Michael Gove wants big changes to teaching standards

Gove paves way for purge of the teachers

Gove paves way for purge of the teachers

By Alex Stevenson

Headteachers will find it much easier to get rid of poorly performing teachers under a shakeup of rules from Michael Gove.

The education secretary is set to replace 50 pages of guidelines with new teaching standards, as part of a package of measures to improve standards in England's schools.

Headteachers will no longer be prevented from spending more than three hours in a particular classroom under the reforms, which will also prevent poor teachers from simply moving to another school.

"You wouldn't tolerate an underperforming surgeon in an operating theatre, or a underperforming midwife at your child’s birth," Mr Gove told the Mail newspaper.

"Why is it that we tolerate underperforming teachers in the classroom? Teachers themselves know if there's a colleague who can’t keep control or keep the interest of their class, it affects the whole school.

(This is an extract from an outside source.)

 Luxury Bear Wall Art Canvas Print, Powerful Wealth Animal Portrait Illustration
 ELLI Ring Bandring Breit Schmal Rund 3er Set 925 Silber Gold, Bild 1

"Children themselves know they are being cheated. Ultimately we owe it to our children. They are in school for 190 days a year. Every moment they spend learning is precious. If a year goes by and they are not being stretched and excited, that blights their life. We have got to think of what’s in the children's interests first."

The Department for Education has pointed to teaching surveys suggesting that six in ten teachers want to make it easier to deal with underperforming colleagues.

But the changes have divided the teaching unions. The National Union of Teachers' general secretary, Christine Blower, labelled the changes a "bully's charter", although the National Association of Head Teachers responded more positively.

Its general secretary, Russell Hobby, said: "There is so much good practice out there that I think the profession has nothing to fear.

"Clearer systems of performance management are one way to build up the professional reputation of teachers and get those outside the classroom to let the experts get on with the job."

Three per cent of schools are currently judged inadequate for teaching.

Only 17 staff have been formally struck off for incompetence by the General Teaching Council in the last ten years, figures show, but many more will have moved on following less formal measures being taken against them.

"Each teacher is an individual," Mr Gove told the BBC News channel.

"Some of them after a tough conversation may be in a position to improve… with the right support I think that's the solution. But sometimes there will be people who can't or won't respond to that. And then you need to make sure that children don't offer."

He refused to offer an estimate of how many teachers could find themselves out of a job as a result of the changes.

This might suggest he had prepared a "personal Gove hitlist", he explained.